My weekend was filled with a 4-flick marathon of movies featuring humans with animalistic tendencies, so let’s sink our teeth into them.
SHARK GIRL (2024)
I really expected this one to be some sort of trashy, indie mess, but the film takes itself seriously and is actually a pretty sleek production. Any elements of camp are simply embedded in the fact that it’s a movie about a young woman with shark-like tendencies.
A pretty influencer is pressured by her douche bag boyfriend/manager with great hair to go into the ocean so he can take photos for her channel. Her paranoia as she is told to go deeper is quite effectively shot both below and above the water level, and it definitely felt like a nod to the opening scene of Jaws.

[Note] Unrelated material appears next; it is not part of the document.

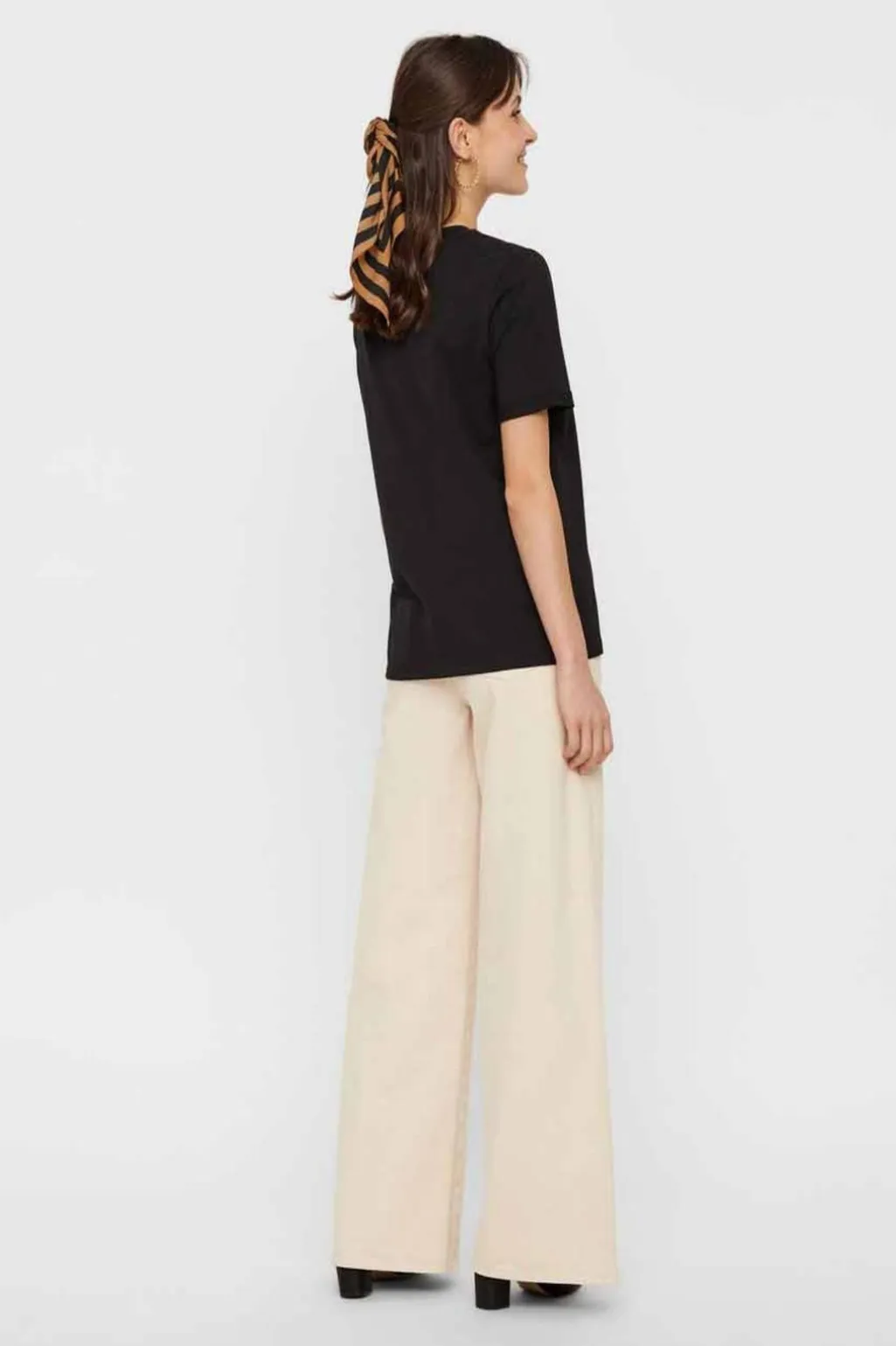 Ria SS Fold Up Tee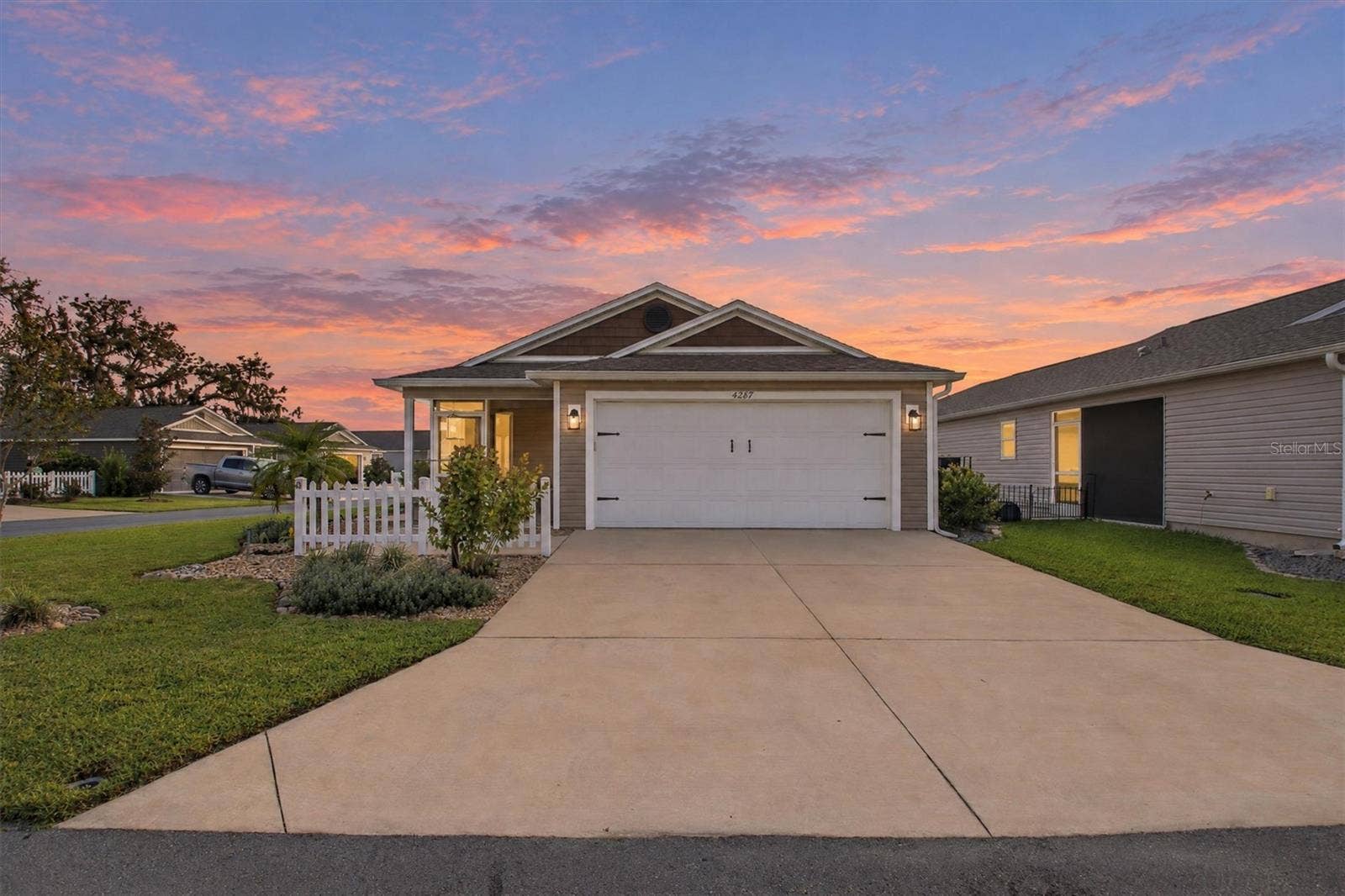4287 FREDDA TERRACE, The Villages, FL 32163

However, we never see a shark. She disappears, the boyfriend goes home because he doesn’t give a shit, and then she’s found at night washed up on the shore by a couple hanging out at the beach.
The film wastes no time in introducing “shark girl”. Before the couple can help her, she attacks! However, shark girl never turns into a shark hybrid. She simply flashes savage teeth and bites her victims in the neck.
As she continues her feeding frenzy throughout the movie (mostly attacking those that wrong her), the oddest thing about it is that there are all these reports of shark attacks, yet she’s biting people with a human-sized mouth and teeth, so any expert should be able to see the bites aren’t the work of a shark.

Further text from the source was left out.